Guest Post: Problem Definition and Workflows in Analytics Success

This is a guest post by Michael Zargham, who gave a sadly under-attended but content-rich talk this morning. I thought his framing was spot on around how to set up an analytics group to repeatedly and efficiently explore potential new “well-defined, solvable, impactful” problems, determine what should be built, do the research to actually get the problem solved, and deliver it in the best possible way to get the desired results. This organizational and culture problem is incredibly important to get right. These nested workflows seem like a great way to think about it.

Michael Zargham is Director of Data Science at Cadent, a media technology firm specializing in advanced analytics for advertising campaign execution. Michael has been a practicing data scientist since 2005, completed his PhD in optimization and decision theory from the University of Pennsylvania in 2014, and founded the data science team at Cadent in 2015.


A new analytics project often converges from many disparate forces and stakeholders may have diverging even competing incentives. These ad hoc research projects often dominate the backlogs of data science teams and analytics research teams but the nature of such projects is naturally recursive; how can we know what we need to do until we start exploring the data? The most common approach is to dive right in and immediately start “solving” the problem and iteratively discover the best approach. I am a huge fan of build it, break it, make it better, but all too often we miss the step where we clearly articulate what “it” is.

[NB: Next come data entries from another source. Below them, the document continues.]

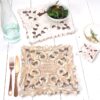 Wooden placemats carved
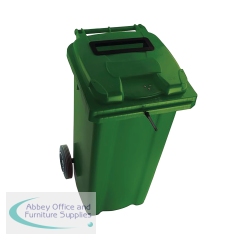 2Work Wheelie Bin Waste Slot Lid 140 Litre Green  2W10876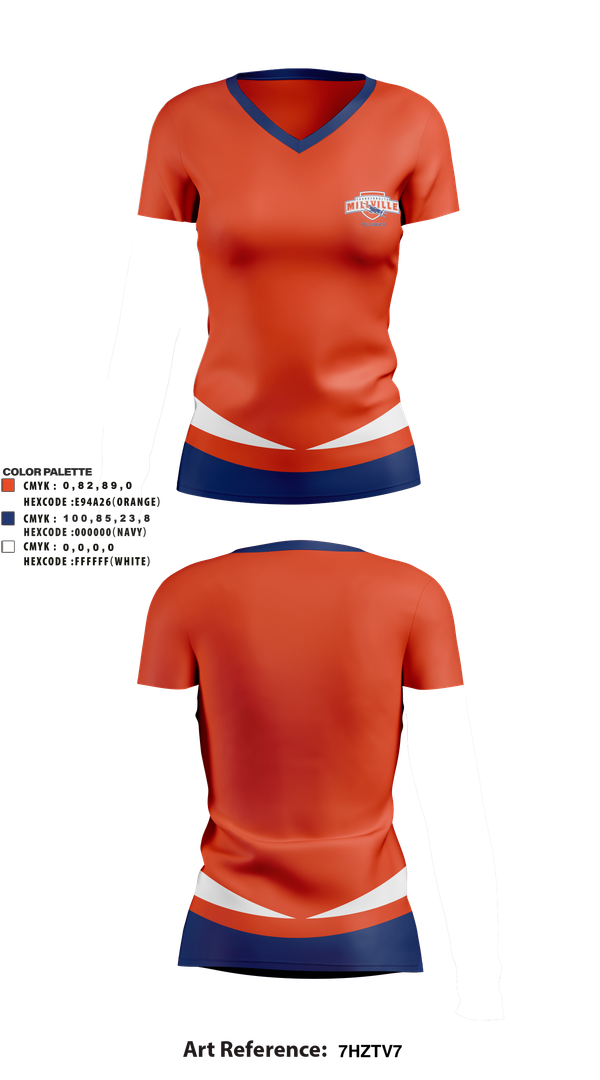Womens Short Sleeve Vneck Shirt, Millville Thunderbolts Field Hockey, Field Hockey, Teamtime, Team time, sublimation, custom sports apparel, team uniforms, spirit wear, spiritwear, sports uniforms, custom shirts, team store, custom team store, fundraiser sports, apparel fundraiser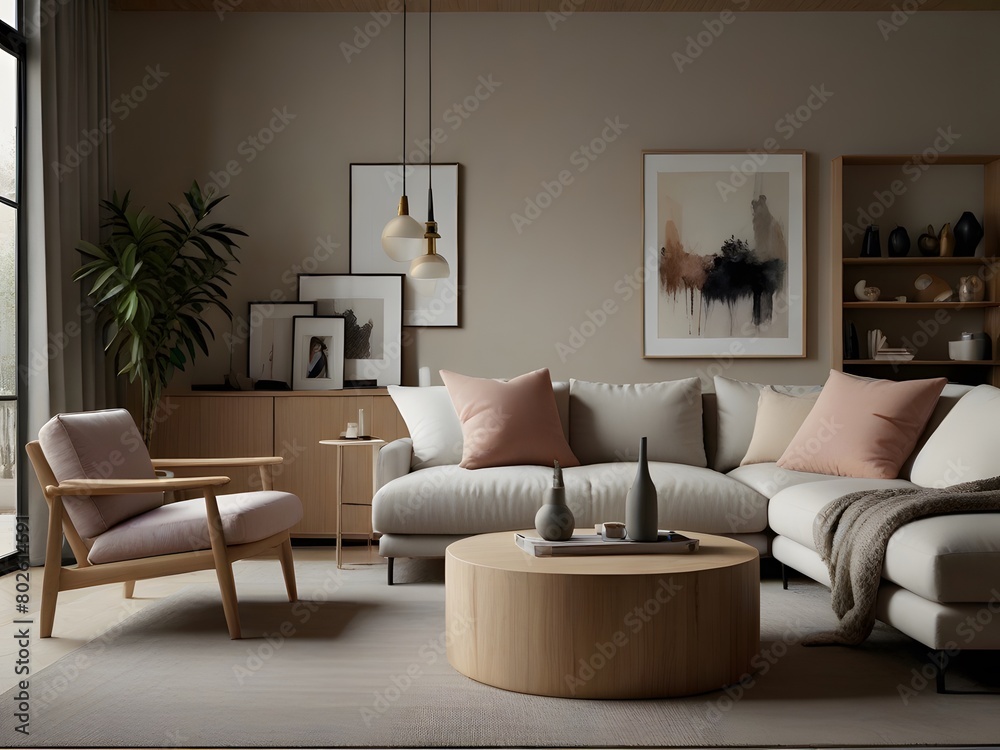 Obraz premium Nordic Nook: A Cozy Corner of Hygge for the Modern Urban Dweller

LifecycleIn our data science research and development workflow at Cadent, we have an explicit process for formally defining the problems our analytics research projects; this is the “business intelligence” workflow in the figure. This process acknowledges that business stakeholders have deep expertise and hold strong opinions about what form the solution should take, even without framing their questions sufficiently formally that applications of machine learning or optimization are directly applicable. Disambiguation and formalization of the stated problem falls on analytics professionals (data scientists, researchers and developers) who must rectify the stakeholders’ desires with that which is technically feasible. Even still the opinion of the data will need to be weighed. One could state a formally valid question for which the tools and data available seem perfectly suited online to find that the data doesn’t support the business hypothesis and as a result the proposed solution could not provide the intended business value.

In order to consistently deliver business value, we do research projects which establish the scope of our analytics development projects. Since we follow an agile analytics methodology this can be described in sprints. While one cannot always determine how many research sprints will be required to create a well-defined solvable problem which stakeholders agree is relevant, we have found that 1 to 2 two-weeks sprints is sufficient in most cases and this bench mark is used for project planning purposes. Often the most challenging element of these scoping projects is getting sign off from stakeholders who are generally less knowledgeable about the technologies in play, thinking of advanced analytics as a form of mathemagic. Furthermore, many assume that the analytics rather than their own beliefs are incorrect when their priors are not corroborated by data.

This challenge is not overcome over night, but rather through building relationships with key stakeholders, understanding their incentives and the particular angle from which they see the business. Using data, technology and business expertise we merging all those views into a complete picture, allowing incentive alignment and coordinated decision making. Over time, analytics prove their value and trust in the in new technology is built. At Cadent, our data driven transition has been measurable in corporate KPIs and financial reports but the most rewarding change has been the shift to a data driven culture.